In practice, GPTQ 4-bit produces lower perplexity than naive 4-bit across a wide range of models, and the quality gap grows at smaller bit widths. At 3-bit, naive quantization is often unusable on capable models; GPTQ 3-bit remains competitive with float16 on many benchmarks.
AWQ: Protecting What Matters Most
AWQ (Activation-aware Weight Quantization) from Lin et al. arrives at a cleaner observation: not all weights contribute equally to the output. Weights corresponding to large-magnitude input activations have outsized influence because they participate in more significant computations. Rounding error on those weights propagates further through the network.
AWQ protects salient weights not by keeping them in higher precision, which would add implementation complexity, but by scaling them up before quantization and scaling the corresponding activations down to compensate. A weight of 0.5 becomes 4.0 after a per-channel scaling factor of 8, then rounds to a 4-bit integer that reconstructs with much lower relative error. At runtime, the activation scaling factor is absorbed into the preceding layer’s normalization or linear transform, adding no inference overhead.
The calibration requirement for AWQ is lighter than GPTQ: it only needs activation statistics, not a full Hessian computation. This makes it faster to apply and less sensitive to what calibration data you use. The quality is generally comparable to GPTQ, with slight advantages on some models at lower bit widths.
AutoAWQ and bitsandbytes bring both approaches into the HuggingFace ecosystem. AutoAWQ handles calibration and weight scaling for AWQ; bitsandbytes provides the LLM.int8() and 4-bit NF4 formats used extensively in QLoRA fine-tuning workflows, where keeping a frozen quantized base model in memory alongside trainable adapters is the whole point.
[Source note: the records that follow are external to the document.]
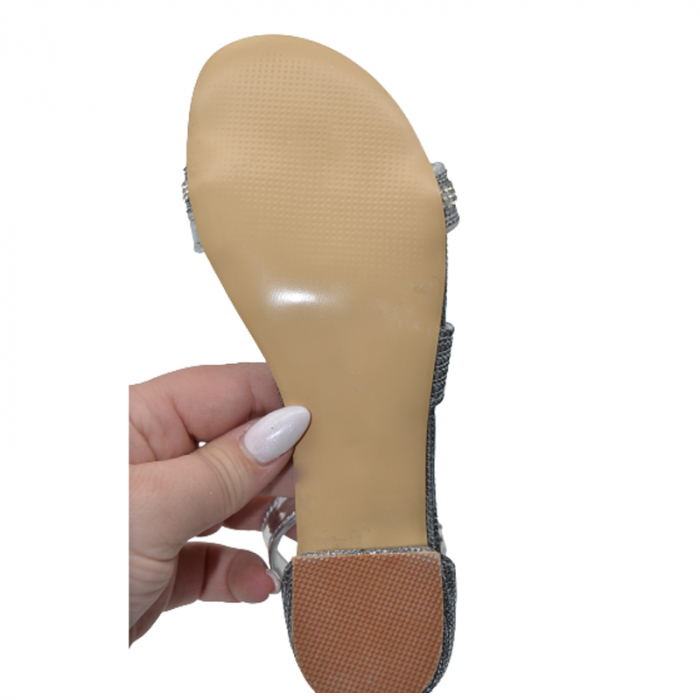 Sandale cu toc pentru fete Mini Junior 270423AR, Argintiu [4]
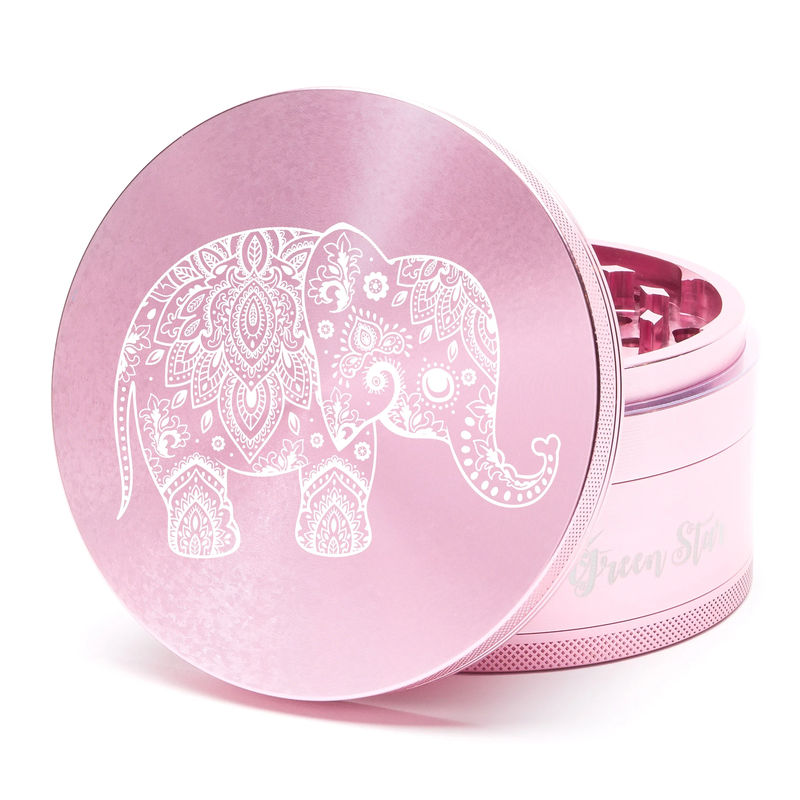 Green Star Creature Large 4-Piece Grinder - Style:Elephant - Color:Pink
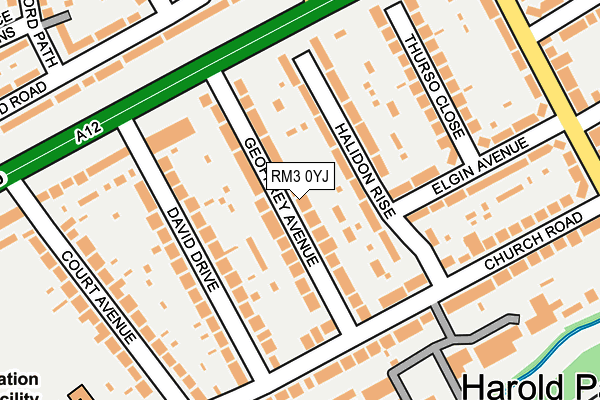 RM3 0YJ map - OS OpenMap – Local (Ordnance Survey)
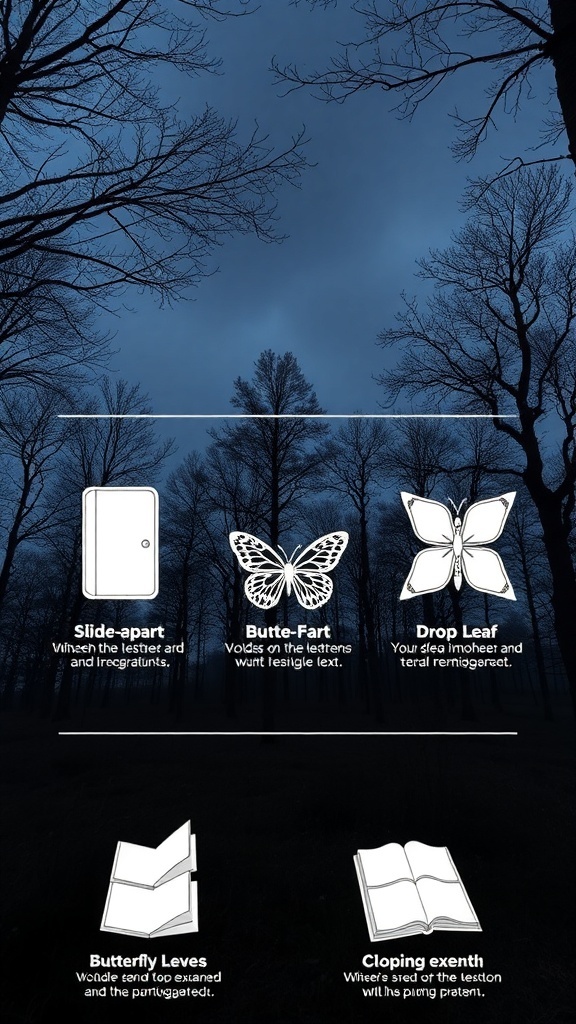 Different types of extension mechanisms for dining tables.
Where the Research Has Moved
Post-training quantization remains a practical necessity for the near term: the models people want to run were trained at full precision and need to be compressed after the fact. For local inference, Q4_K_M or Q5_K_M via llama.cpp is the reasonable default for most use cases, landing around 4.5 bits per weight with quality close to float16 on standard benchmarks.
The research frontier has pushed into sub-4-bit and training-time quantization. BitNet from Microsoft trains models from scratch with 1-bit weights (ternary values: -1, 0, or +1), showing that models do not need to start at high precision and be compressed afterward. BitNet b1.58 achieves competitive perplexity with full-precision models at the same parameter count while enabling dramatically faster inference on hardware that can exploit ternary arithmetic. The ecosystem tooling is not there yet, but the research result is significant: the constraint is not fundamental.
Understanding the distinctions between schemes matters for practical decisions. Q4_K_M is not simply the 4-bit version of a model; it is a specific combination of block structure, two-level scale quantization, and mixed-layer precision that happens to land in a useful spot on the quality-size curve. GPTQ and AWQ are not interchangeable; they make different structural bets about where quantization error originates and how to correct it. The choice between them depends on your hardware, your calibration data, and which models you are running. Picking blindly based on bit count alone leaves a lot of quality on the table.